NEW YORK, N.Y. – Express Scripts says its second-quarter net income more than tripled compared to last year, when costs from the pharmacy benefits manager’s acquisition of competitor Medco Health Solutions dented its performance.
The results topped Wall Street estimates but shares edged lower in after-hours trading.
The St. Louis company said Monday that it earned $543 million, or 66 cents per share, in the quarter ended June 30. That compares to $149.6 million, or 18 cents per share, a year ago.
Express Scripts said it earned $1.12 per share if one-time items are excluded.
Revenue fell 4 per cent to $26.43 billion.
Analysts surveyed by FactSet expected earnings of $1.10 per share on $25.50 billion in revenue.
Express Scripts Holding Co. is the nation’s largest pharmacy benefits manager. It runs prescription drug plans for employers, insurers and other customers. Express Scripts other PBMs process mail-order prescriptions and handle bills for prescriptions filled at retail pharmacies. They use large purchasing power to negotiate lower drug prices and make money by reducing costs for health plan sponsors and members.
The company said prescriptions fell 7 per cent after it lost a contract with UnitedHealth Group Inc., the largest U.S. health insurer. Express Scripts said it handled 369.4 million adjusted claims from continuing operations during the quarter.
Adjusted prescriptions count 90-day mail order prescriptions as three one-month prescriptions.
The company said it is looking for a new chief financial officer and current CFO Jeff Hall’s last day on the job will be Tuesday. It said Matthew Harper will be its interim CFO. Harper has been with the company since 2004 and became its vice-president in charge of financial planning and analysis in April.
Hall has been Express Scripts’ CFO since 2008, and the company said he will serve in a different role through Sept. 1 as part of its transition plan.
Express Scripts closed its $29.1 billion acquisition of Medco at the start of last year’s second quarter. The deal created a company big enough to handle the prescriptions of more than one in three Americans.
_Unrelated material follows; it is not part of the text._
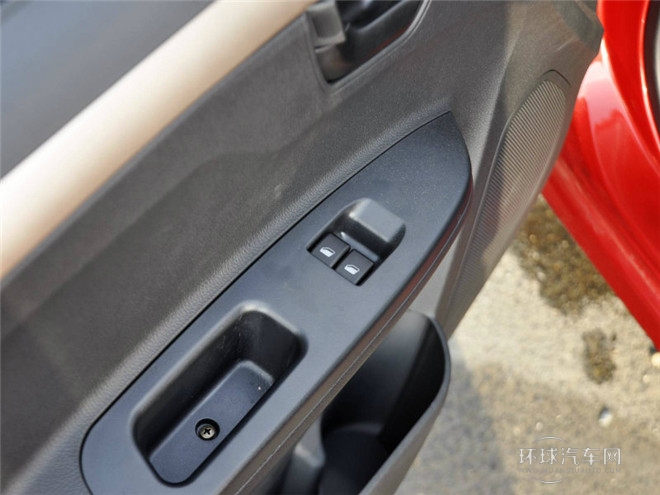 2014款 1.5L 手动标准型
Express Scripts has seen its revenue and prescription counts swell since the deal closed.
Express Scripts raised its full-year guidance to a range of $4.26 to $4.34 per share, up from its previous estimate of $4.23 to $4.33 per share. Analysts expect $4.29 per share on average.
Express Scripts said it should earn between $1.05 and $1.09 per share in the third quarter. Analysts expect $1.08 per share.
Shares of Express Scripts lost 73 cents to $66.93 in regular trading on Monday. The shares have climbed 23.9 per cent in 2012. In aftermarket trading the stock slipped another 13 cents to $66.80.
Express Scripts will hold a Tuesday morning conference call to discuss the results with analysts. Company executives also plan to share their thoughts on growth drivers for the industry and Express Scripts growth potential. The company typically releases its results after markets close and then hosts a call the next morning to go over them.
Express Scripts executives have said unemployment rates, low health care use and increased client demands and expectations all could influence its performance this year.